NETWORK MODULE 115 is the collection of computer software, hardware, and firmware that allows computer 101 to communicate with other computers through WAN 102. Network module 115 may include hardware, such as modems or Wi-Fi signal transceivers, software for packetizing and/or de-packetizing data for communication network transmission, and/or web browser software for communicating data over the internet. In some embodiments, network control functions and network forwarding functions of network module 115 are performed on the same physical hardware device. In other embodiments (for example, embodiments that utilize software-defined networking (SDN)), the control functions and the forwarding functions of network module 115 are performed on physically separate devices, such that the control functions manage several different network hardware devices. Computer readable program instructions for performing the inventive methods can typically be downloaded to computer 101 from an external computer or external storage device through a network adapter card or network interface included in network module 115.

WAN 102 is any wide area network (for example, the internet) capable of communicating computer data over non-local distances by any technology for communicating computer data, now known or to be developed in the future. In some embodiments, the WAN 012 may be replaced and/or supplemented by local area networks (LANs) designed to communicate data between devices located in a local area, such as a Wi-Fi network. The WAN and/or LANs typically include computer hardware such as copper transmission cables, optical transmission fibers, wireless transmission, routers, firewalls, switches, gateway computers and edge servers.

END USER DEVICE (EUD) 103 is any computer system that is used and controlled by an end user (for example, a customer of an enterprise that operates computer 101), and may take any of the forms discussed above in connection with computer 101. EUD 103 typically receives helpful and useful data from the operations of computer 101. For example, in a hypothetical case where computer 101 is designed to provide a recommendation to an end user, this recommendation would typically be communicated from network module 115 of computer 101 through WAN 102 to EUD 103. In this way, EUD 103 can display, or otherwise present, the recommendation to an end user. In some embodiments, EUD 103 may be a client device, such as thin client, heavy client, mainframe computer, desktop computer and so on.

REMOTE SERVER 104 is any computer system that serves at least some data and/or functionality to computer 101. Remote server 104 may be controlled and used by the same entity that operates computer 101. Remote server 104 represents the machine(s) that collect and store helpful and useful data for use by other computers, such as computer 101. For example, in a hypothetical case where computer 101 is designed and programmed to provide a recommendation based on historical data, then this historical data may be provided to computer 101 from remote database 130 of remote server 104.

PUBLIC CLOUD 105 is any computer system available for use by multiple entities that provides on-demand availability of computer system resources and/or other computer capabilities, especially data storage (cloud storage) and computing power, without direct active management by the user. Cloud computing typically leverages sharing of resources to achieve coherence and economies of scale.
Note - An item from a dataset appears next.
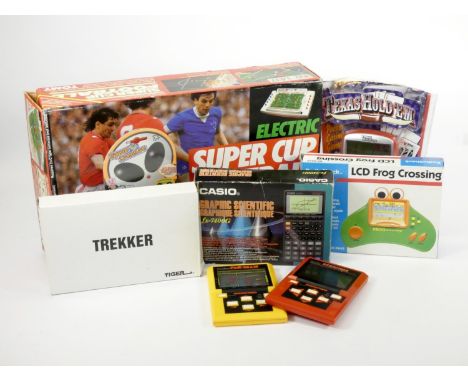 A Tomy Super Cup Football table top game, together with six hand held electronic games, to include Space Creature, Radio Shac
The direct and active management of the computing resources of public cloud 105 is performed by the computer hardware and/or software of cloud orchestration module 141. The computing resources provided by public cloud 105 are typically implemented by virtual computing environments that run on various computers making up the computers of host physical machine set 142, which is the universe of physical computers in and/or available to public cloud 105. The virtual computing environments (VCEs) typically take the form of virtual machines from virtual machine set 143 and/or containers from container set 144. It is understood that these VCEs may be stored as images and may be transferred among and between the various physical machine hosts, either as images or after instantiation of the VCE. Cloud orchestration module 141 manages the transfer and storage of images, deploys new instantiations of VCEs and manages active instantiations of VCE deployments. Gateway 140 is the collection of computer software, hardware, and firmware that allows public cloud 105 to communicate through WAN 102.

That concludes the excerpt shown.